Perhaps it's true they don't care. Few of them vote and hardly any join a political party. But a better indication of a generation's attitude towards political ideas may be the nature and popularity of its music. I've seen campaigning events ruined because the older generation are allowed to control the music. Half way through an evening for Palestinian rights, there'll be some Algerian folk singer, who says: "Now I sing song and I like everyone join in with chorus. It goes 'Everyone in my village has been shot dead'. We sing this three times and then sing 'I would rather be eaten by poisonous sand-flies of the desert than carry on living'. Now let's try practice."
Just as post-war radicals dismissed the protest songs of the Sixties as degenerate, and then hippies derided punk as ignorant, it's easy now to miss a trend in teenage music, especially hip-hop, that suggests they're more articulate and political than is normally recognised.
The difficulty is that hip-hop, on the face of it, has become a platform for promoting the adoration of advertising and wealth. If historians of the future have nothing to go on except videos from MTV, they'll be under the impression that black men in America spent all day in red silk suits, and walking across to their ex-girlfriend who's sipping cocktails by a swimming pool to plead with them to come back as they're sorry and to prove it they've bought them a BMW made out of diamonds. Then she would giggle and her nine friends in bikinis would wiggle their arses by the diving board. And in 2006 that's how everyone got through the afternoons in Harlem.
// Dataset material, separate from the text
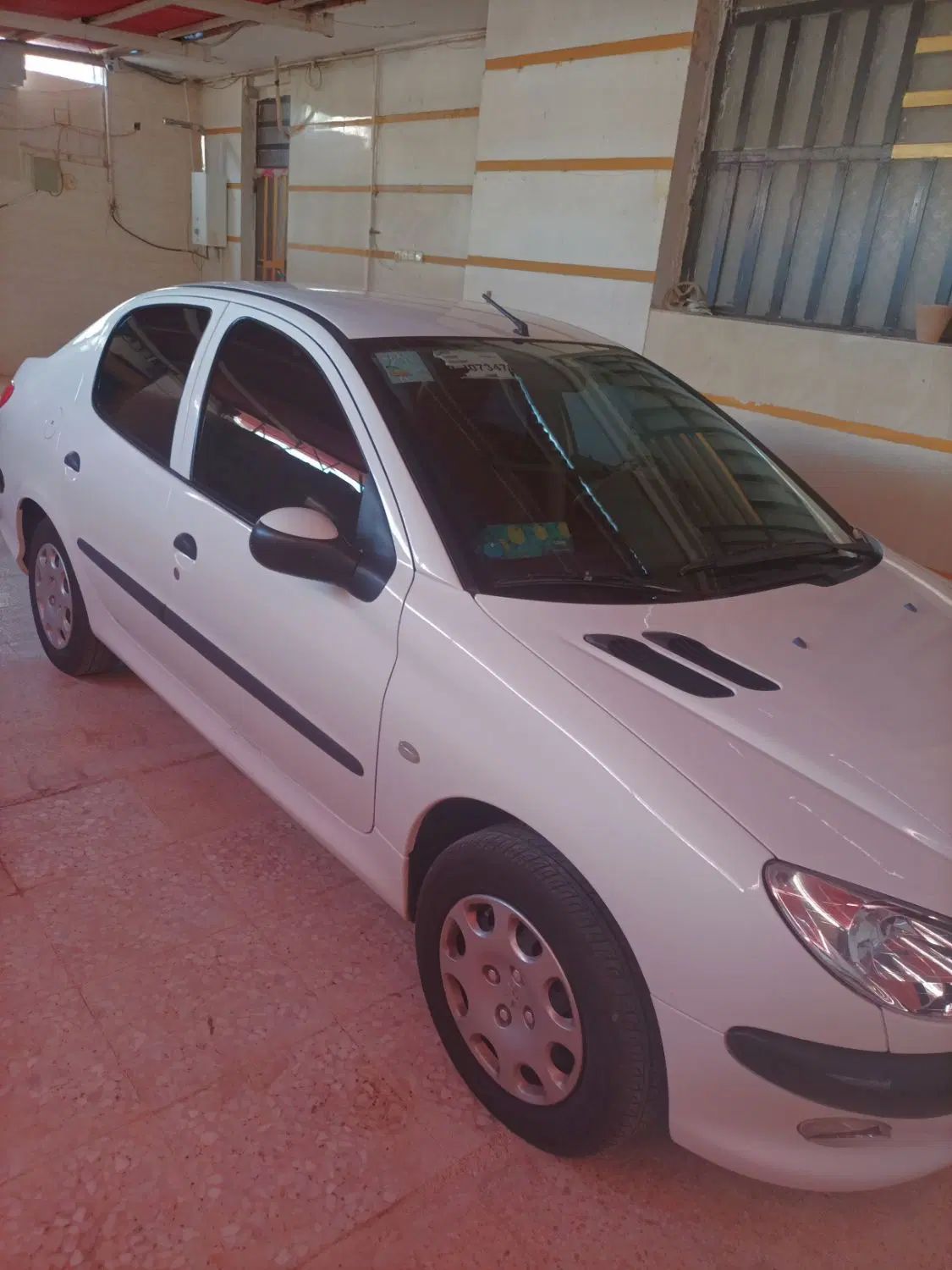 پژو ۲۰۶ صندوق دار v8 - 1399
American hip-hop is so obsessed with wealth, by now the financial reports are probably read out by 50 Cent. And his next album will be calledTransfer yo' investment bonds into long-term equity before March 31st to avoid Capital Gains Tax on the interest, bitch.
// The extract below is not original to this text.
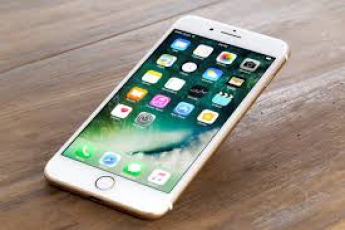 Apple разрешит отключать "торможение" старых iPhone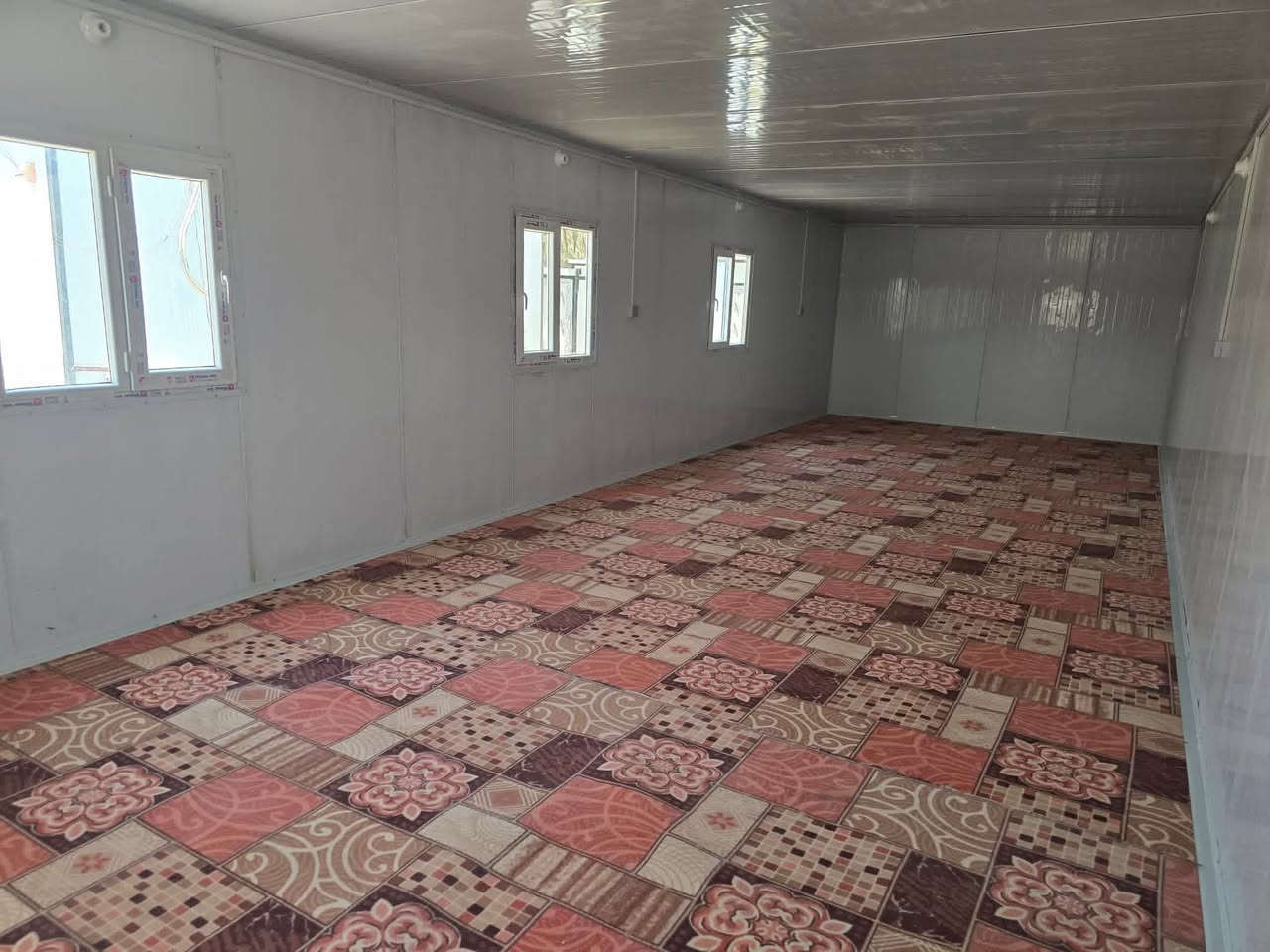 عرض خاص كافة اعمال السندويج بنظام الاقساط والشغل درجة اولى وبي ضمان محتاج مشتمل مخزن كرفان اتصال ***********بي واتساب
But as hip-hop has become so grubbily materialistic in the country it came from, around the world it's become the angry voice of disaffected youth.
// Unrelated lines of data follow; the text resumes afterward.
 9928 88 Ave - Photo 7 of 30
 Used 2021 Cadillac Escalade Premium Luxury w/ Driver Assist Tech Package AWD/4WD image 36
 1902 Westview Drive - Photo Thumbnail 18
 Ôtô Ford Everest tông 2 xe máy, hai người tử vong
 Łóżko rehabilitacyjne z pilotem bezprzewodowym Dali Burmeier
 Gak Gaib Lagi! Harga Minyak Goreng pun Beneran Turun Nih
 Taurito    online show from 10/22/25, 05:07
Across the Middle East, rappers display fury at the American and Israeli governments, and at their own leaders. This is the soundtrack of a modern protest movement. There are dozens of Palestinian rappers, and it's unlikely their aim is to launch a new line of trainers in Jenin.
And there'd be little point in holding a "Puff Daddy"-style showbiz party in Gaza, with the celebrities screaming "Oh look in my goody bag - a slice of bread AND a biscuit."
Similarly, across South America rap has become the youthful voice of confrontation. La Paz, the Bolivian capital, has apparently been packed with rappers since the protests that forced out the pro-American president. And in Colombia bands such as the Zona Marginals express their less-than-supportive thoughts about George Bush to a disarmingly tangoesque backing.
Obviously I'm relying on the sleeve notes to a certain extent as I don't speak Spanish, so it's possible I've misinterpreted the whole thing and they're singing "Gimme gimme gimme a man after Midnight", but I don't think so.
And in Britain the same trend has taken place, creating a hip-hop that's unmistakably British, articulate and full of opposition. The rapper Lowkey has made an album that describes beautifully the the experience of being a teenage Muslim in London since the bombings. And the eloquent Plan B deliver a powerfully moving portrait of modern London, that even starts: "Listen up you get me."
None of this would be possible unless there was at least a layer of modern youth, around the world, seething about the corporate warmongering world presented to them as the only option.
And the brilliant thing is, no older generation can go and see them live even if they want to. Because they'd instantly assume you were either the drug squad, or there to check on your daughter, or someone who should never have been released having once been exposed in the News of the World.